- [The data]:
—————

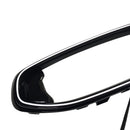 Garniture de calandre de pare-chocs avant noire, pour BMW G42 M240I 2022 – 2026, 2 portes avec Led-13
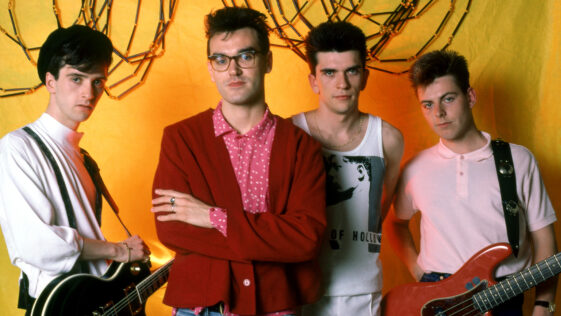 Johnny Marr on the “magic” of writing the Smiths’ songs with Morrissey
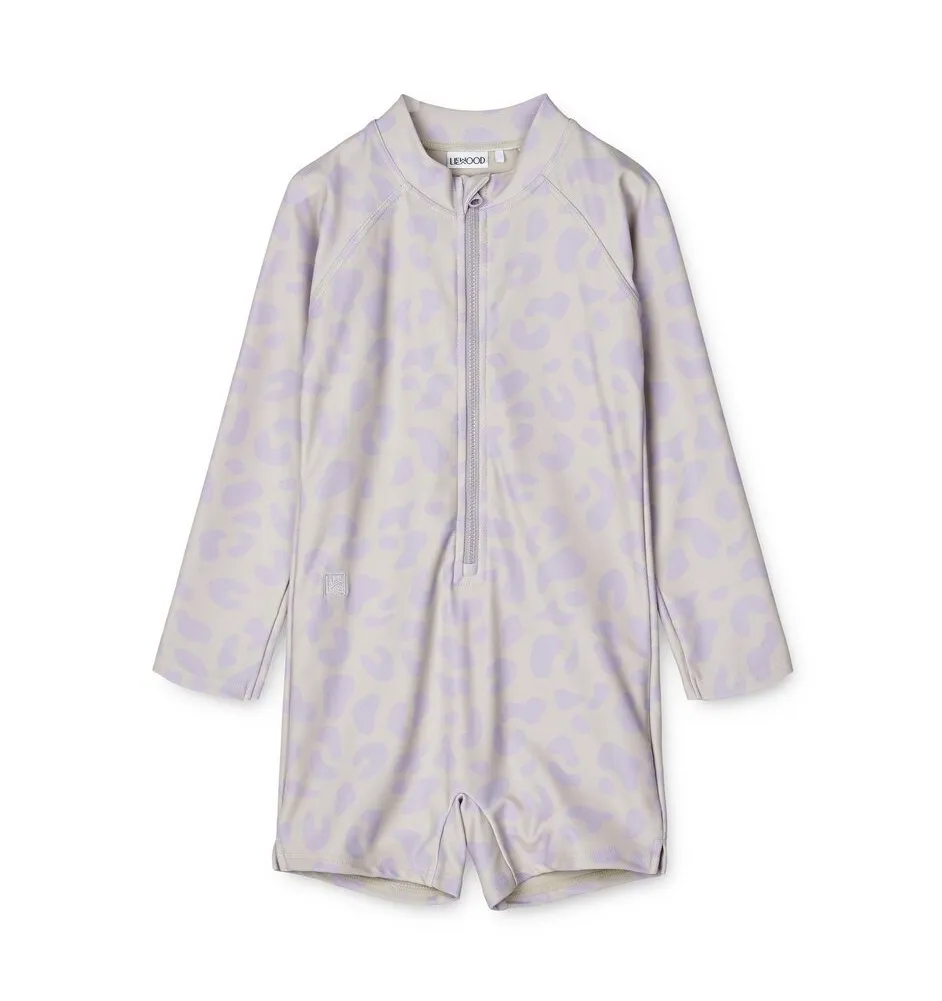 Max UV Schwimmanzug Leo Misty Lilac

—————

Copy out all the data exactly; skip the pictures.

 Garniture de calandre de pare-chocs avant noire, pour BMW G42 M240I 2022 – 2026, 2 portes avec Led-13
 Johnny Marr on the “magic” of writing the Smiths’ songs with Morrissey
 Max UV Schwimmanzug Leo Misty Lilac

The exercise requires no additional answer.